In transition from its role as a tester of autonomous vehicles, Google’s subsidiary company Google Auto has announced that it will be building 100 prototype self-driving cars. In the past Google Auto has retrofitted Audi, Toyota, and Lexus vehicles for the testing of its autonomous driving technology, but the new prototypes be built from the ground up. They will each have VIN numbers and will be registered as lightweight low-speed vehicles capable of up to 25 mph.
The new vehicles look like a cross between a Smart car and a VW Beetle and will contain up to a 40 horsepower electric motor. What they will not contain are brakes, steering wheels, or accelerator pedals.
Google’s current fleet of autonomous vehicles has logged over 1 million miles of driving while being accompanied by a human operator. Currently, driverless cars must be accompanied by a human driver and are legal for testing in California, Nevada, Michigan, and Florida.
It is uncertain whether the decision to create the Google Auto subsidiary was for the purpose of selling vehicles to the public in the future, or to protect its parent company in the event of lawsuits caused by accidents involving its autonomous vehicles. Google’s fleet of 23 self-driving cars have been involved in 14 minor traffic accidents in recent years, though the company claims that the vehicles were either being manually operated, or the fault was with other drivers. Those who have observed the vehicles in operation notice that they are quite cautious compared to the average driver.

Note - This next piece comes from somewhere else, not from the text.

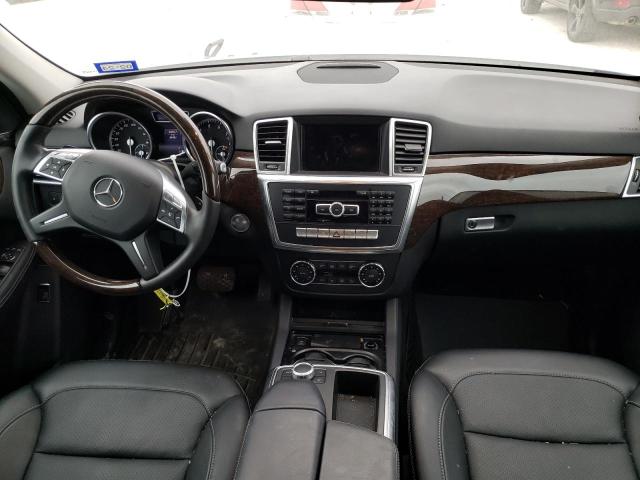 VIN 4JGDA5HB7EA298089 2014 Mercedes-Benz ML-Class, ... no.8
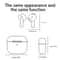 Wireless Bluetooth Earphones For Sports Gaming And Office Use Universal Fit High Quality Sound And 2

Plans for the release of a self-driving car to the public are estimated to fall on 2017 and beyond, but other automakers have taken notice. Mercedes, Audi, and BMW each recently purchased Nokia’s digital mapping technology “HERE,” the transactions totaling to $3.1 billion. If competing car makers want to have a chance, they have to be able to contend with Google’s more than 10 year experience in digital mapping.